Types of soils and their characteristics

There are several systems of soil classification (Kubiena Classification, French, Soil taxonomy-USDA, WRB-FAO / UNESCO), but recently, in 2006 the FAO, the ISRIC / World Soil Information and the International Union of Soil Sciences developed a new version of the World Soils Reference Base (WBR). Currently, it is the official soil classification system in the European Union and establishes the following types of soils :

Organic soils

  • Histosols : made up of little or no decomposed vegetable remains, with or without a mixture of sand, silt or clay, in conditions of excess water. They typically appear in mobs or bogs.

Soils conditioned by anthropic influences

  • Anthrosols : formed by land mobilization, accumulation of rubble, residual sludge or contributions of manure or with agricultural use.
  • Technosols: soils developed on manufacturing, construction or mining waste.

Low evolution soils highly conditioned by climate

  • Cryosols : they are permanently frozen (permafrost).

Low evolution soils highly conditioned by the original material

  • Andosols : with a high content of amorphous or low crystallinity materials from pyroclastic volcanic materials. They are found in almost any climate.
  • Arenosols: sandy soils.
  • Vertisols: very clay soils.

Other soils of moderate evolution

  • Umbrisols: soils rich in organic matter and acids.
  • Cambisols: characterized by weathering of the parent or initial material.
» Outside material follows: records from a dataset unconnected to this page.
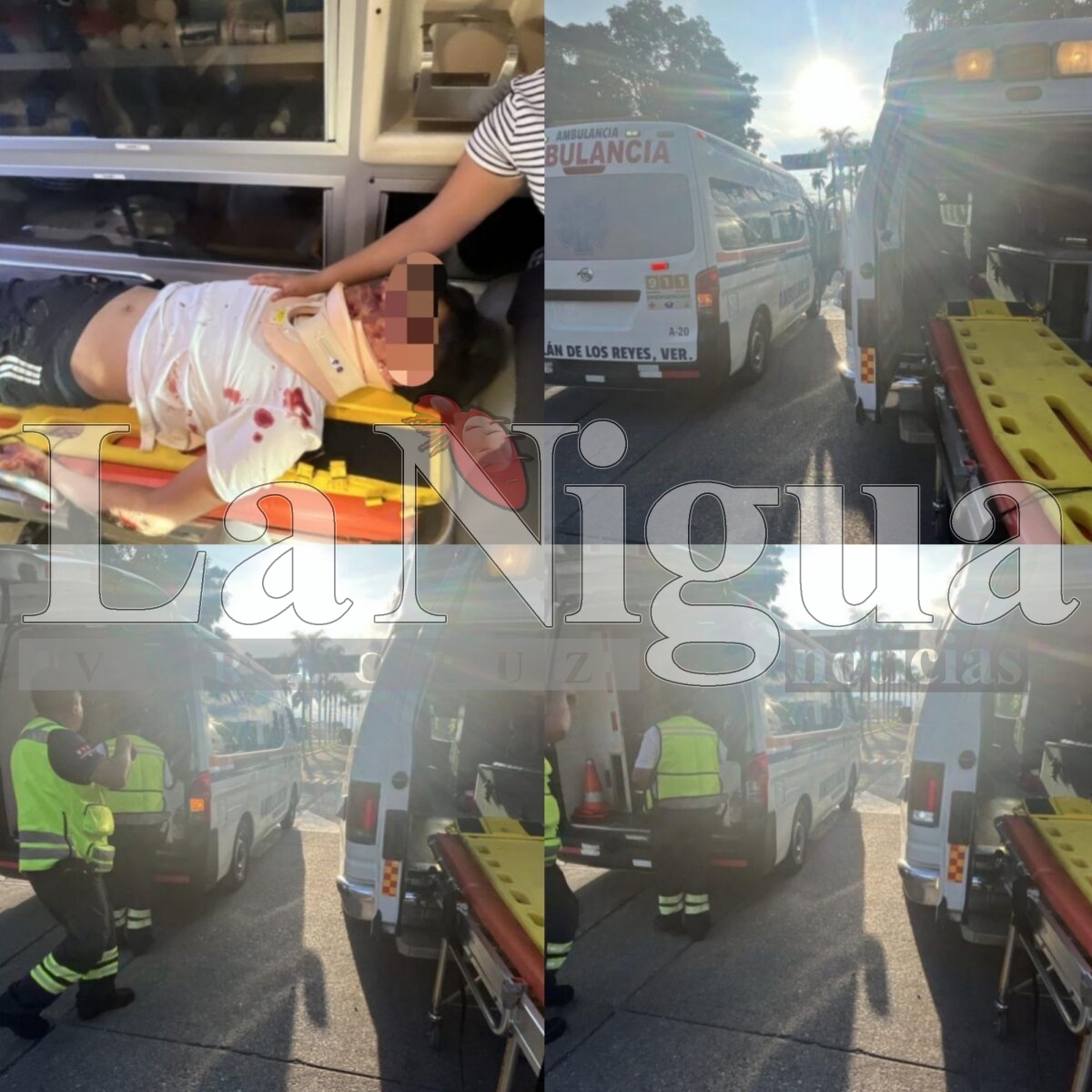 Joven resulta lesionado tras derrapar con su motocicleta 1 polish 20251017 1742277051650076892131048004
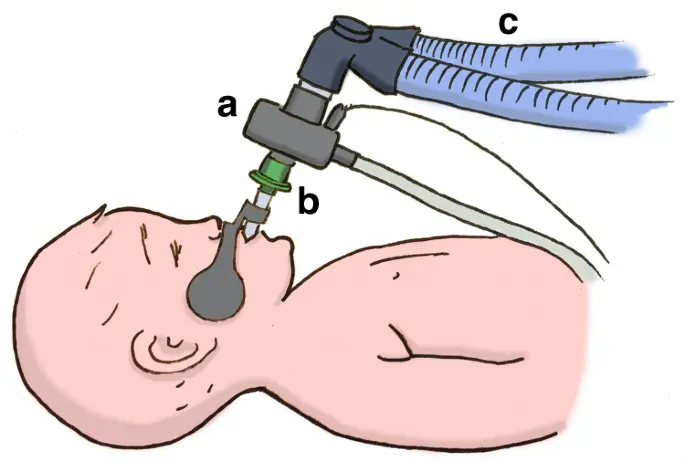 dead space mechanical ventilation - What is the dead space in the airway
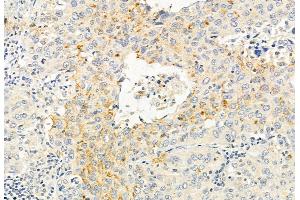 ABIN6265621 and ABIN6272881 at 1/100 staining Human lung cancer by IHC-P.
Soils conditioned by topography and water

  • Leptosols: they are very shallow soils on continuous rock and extremely gravelly and / or stony soils ( lithosols ).
  • Regosols: they are very weakly developed mineral soils.
  • Fluvisols: they are located near rivers and present a stratified profile where the amount of organic matter decreases irregularly or is abundant in very deep areas.
  • Gleysols: soils with water permanently (or almost) in the first 50 cm. There is a reduction in iron oxides and they can have reddish, brownish or yellowish or grayish / bluish colors.
  • Stagnosols: are soils with a layer of water that allow intense reduction conditions and due to the washing of the materials produced by the water, they can present albic or whitish horizons.
  • Planosols: these are soils with a light colored surface horizon that shows signs of periodic stagnation of water that abruptly passes to a horizon with a significant increase in clay with respect to the surface horizon.
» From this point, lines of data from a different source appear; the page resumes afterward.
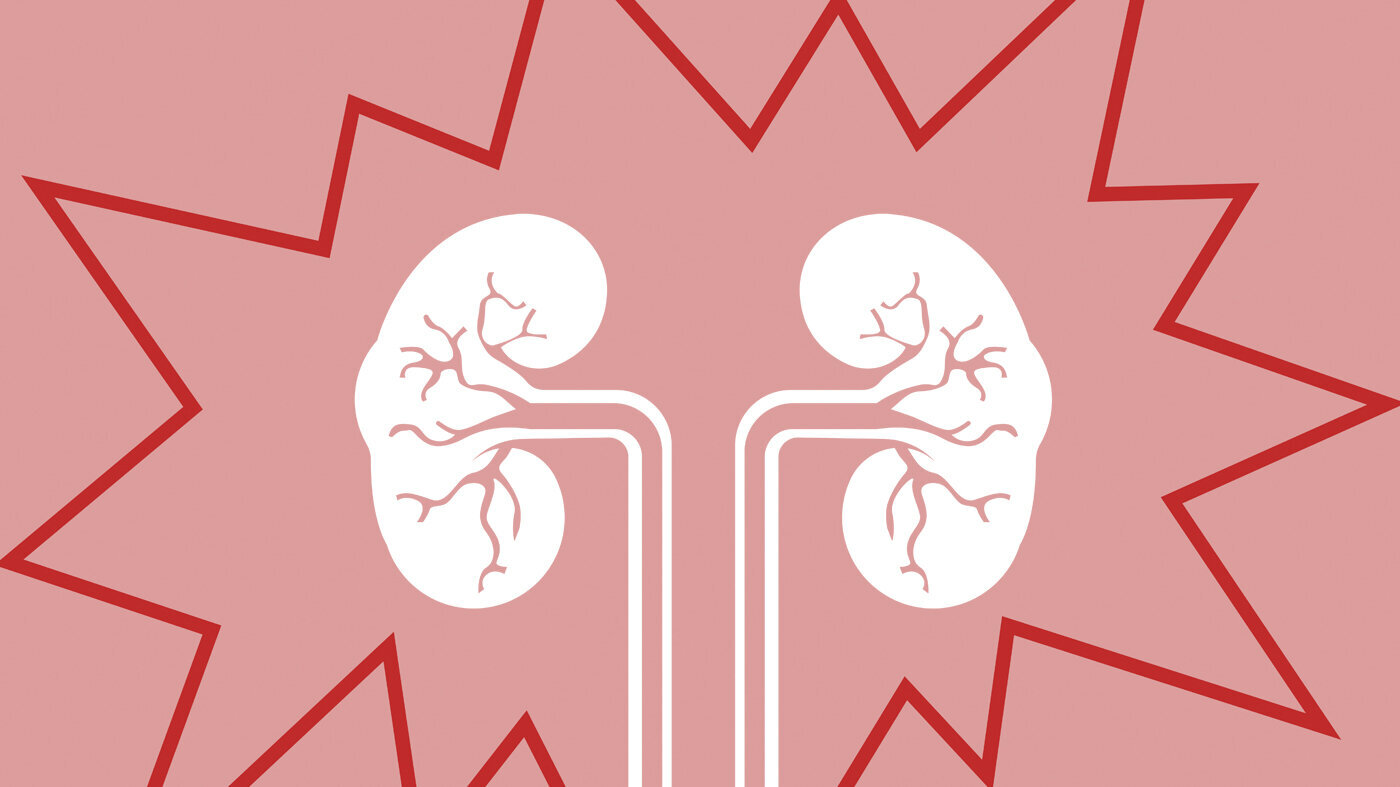 Bildet viser en illustrasjon av to nyrer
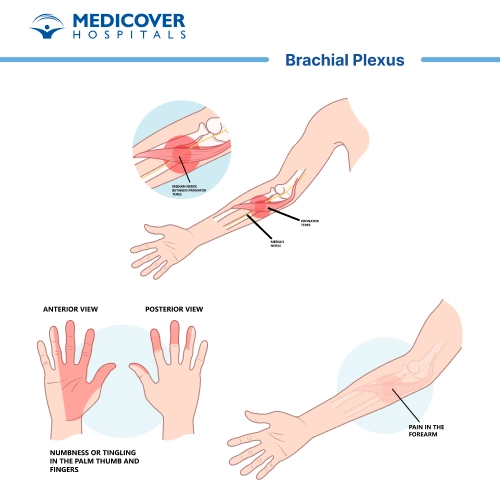 Brachial Plexus Surgery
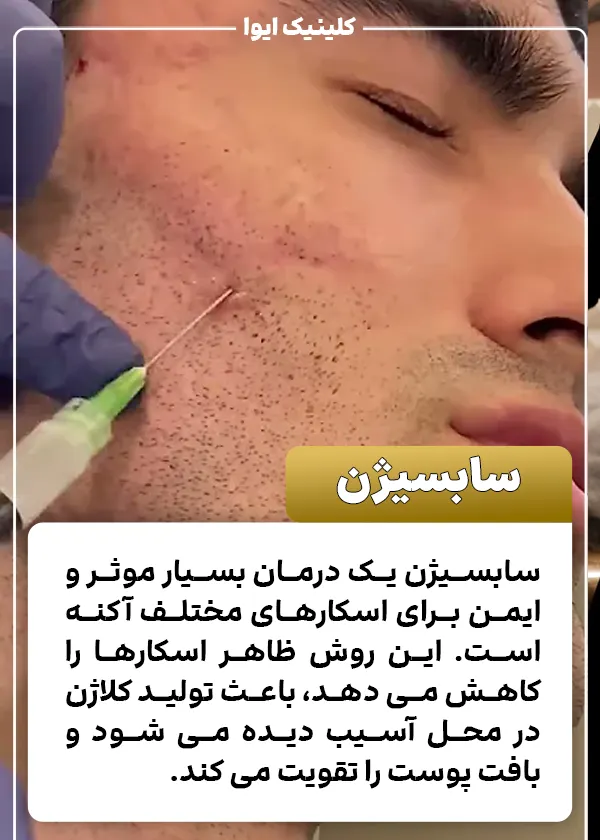 سابسیژن چیست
Soils typically of arid or semi-arid climate

  • Solonchaks : soils with a high content of soluble salts (halite, gypsum) and humus.
  • Solonetz: rare and have high proportions of sodium and / or magnesium.
  • Calcisols: soils with accumulations of calcium carbonate.
  • Gypsisols : soils with accumulations of gypsum.
  • Durisols: soils with silica.

Typically steppe soils

  • Chernozems: cold steppe environments. Surface horizon dark brown or black due to the accumulation of organic matter and may have calcium carbonate in the deeper horizons.
  • Kastanozems: drier and warmer steppe environments. Surface horizon of brown color because there is less accumulation of organic matter.
  • Phaeozems: warmer and more humid steppe environments. Similar to the previous ones, but without calcium carbonate.
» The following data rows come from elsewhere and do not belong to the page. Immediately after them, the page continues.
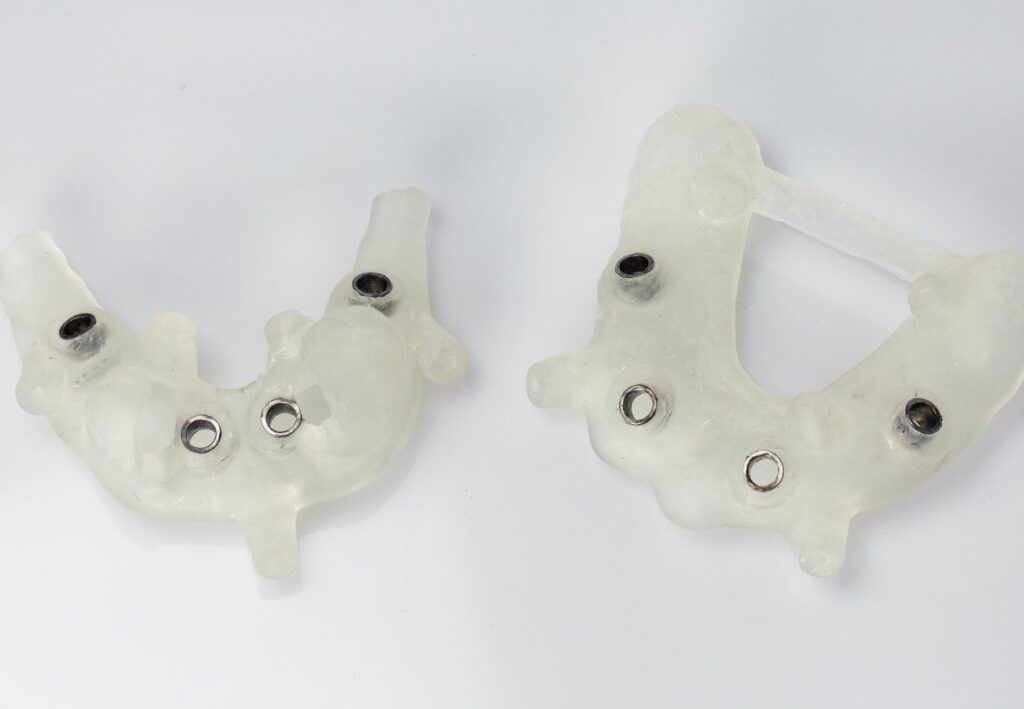 implantes dentales sin tornillos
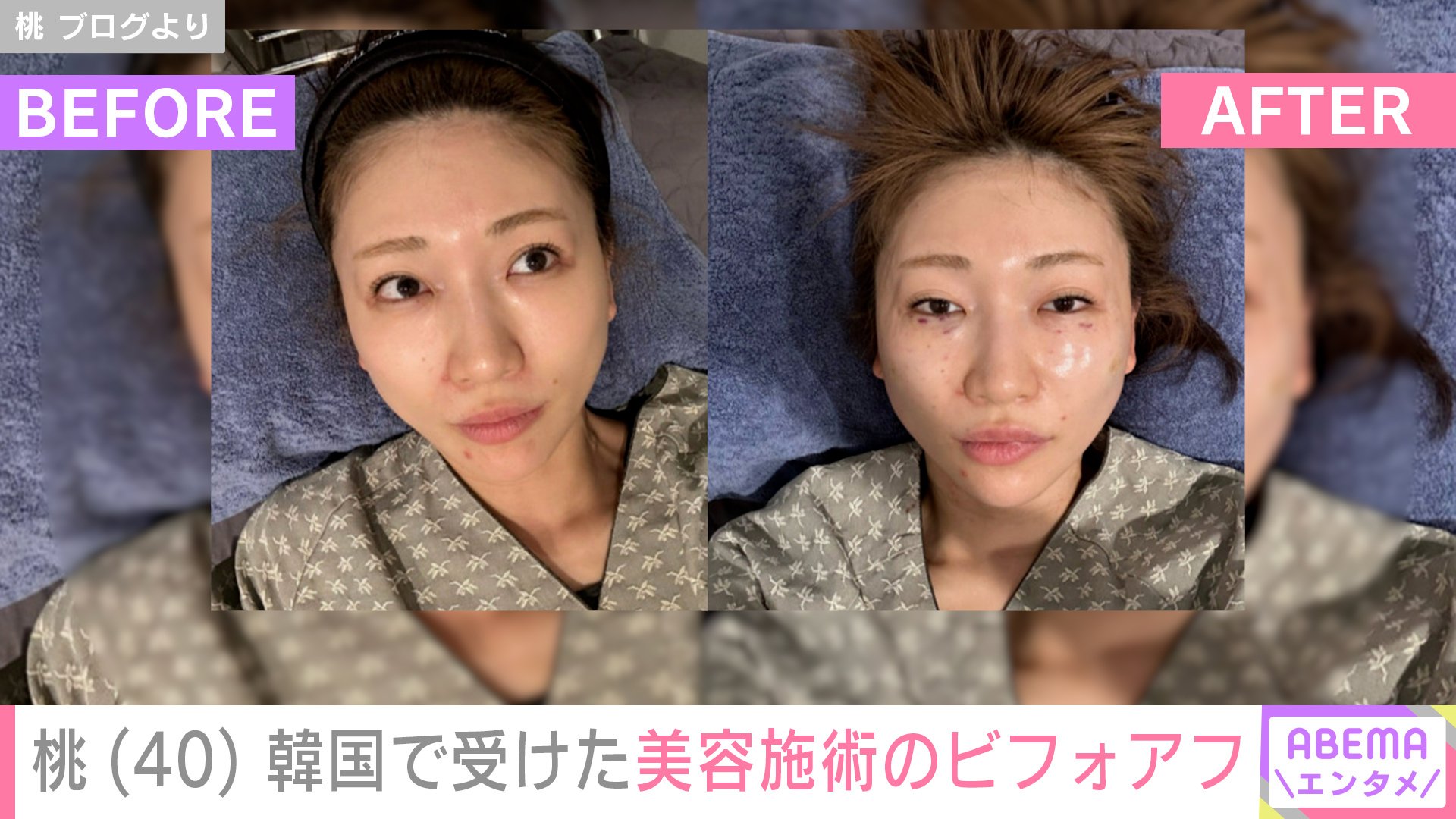 顔のビフォーアフター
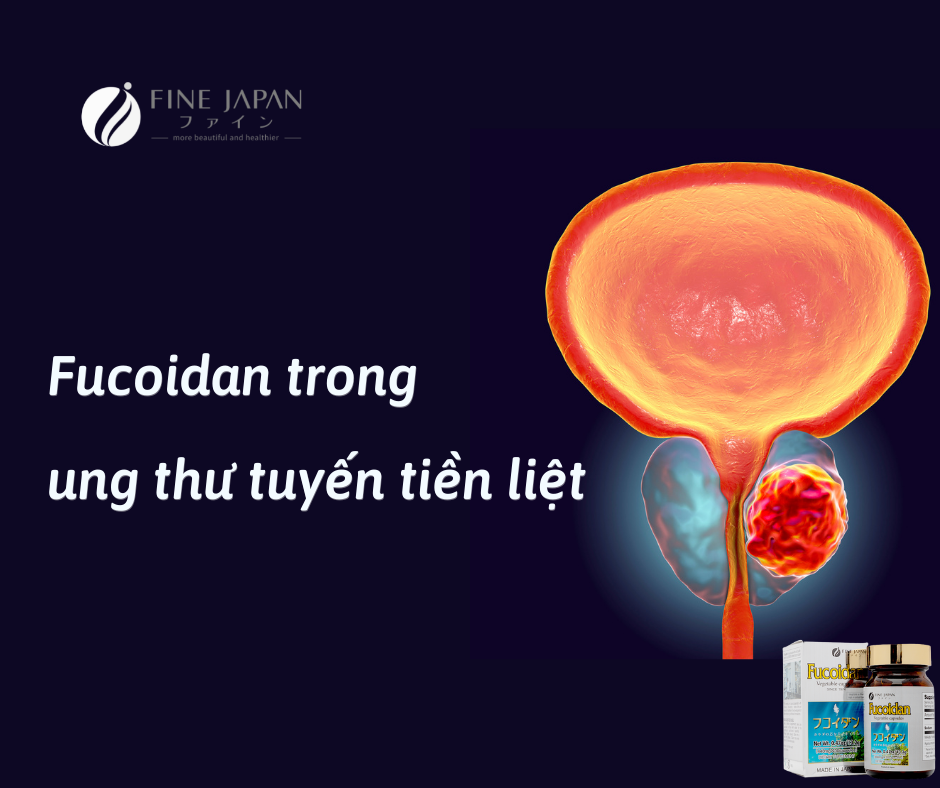 Tác dụng không ngờ của Fucoidan trong ngăn ngừa và hỗ trợ điều trị ung thư tuyến tiền liệt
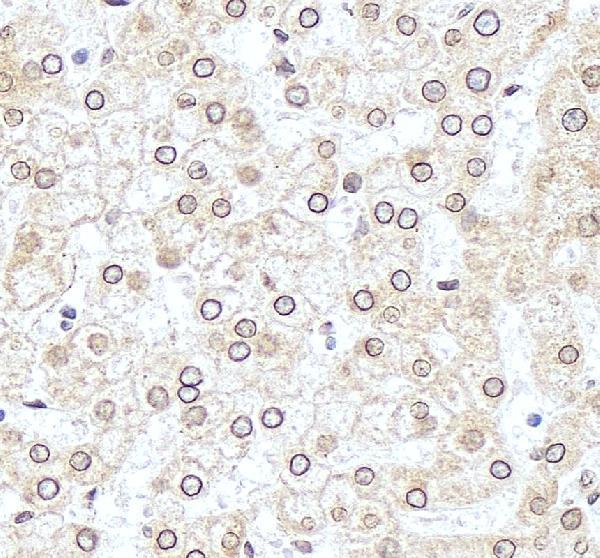 IHC analysis of TSR2 using anti-TSR2 antibody (A12413-1)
Soils with a clay-rich subsoil

  • Albeluvisols: it presents horizons with mineral depletion due to its eluvation by the passage of water.
  • Alisols : very acidic soils. In any climate excluding tropical and subtropical climates.
  • Acrisols : advanced degree of weathering. Only in tropical and subtropical climates.
  • Luvisols and lixisols . They are similar, although they differ in the type of clays they present.

Typically tropical and subtropical climate soils

  • Nitisols: deep, well-drained, red tropical soils with a silty subsurface horizon with sodium. Rich in iron.
  • Ferralsols : they are the classic soils of the humid tropics, deeply weathered and with red or yellow colors. They are usually clayey with a high content of iron and aluminum compounds.
  • Plinthosols: soils with hardened clay, iron and quartz crusts.

typically uelos cold and humid climate

  • Podzols: they have a characteristic B horizon called spodic and it is composed of organic matter, aluminum and iron.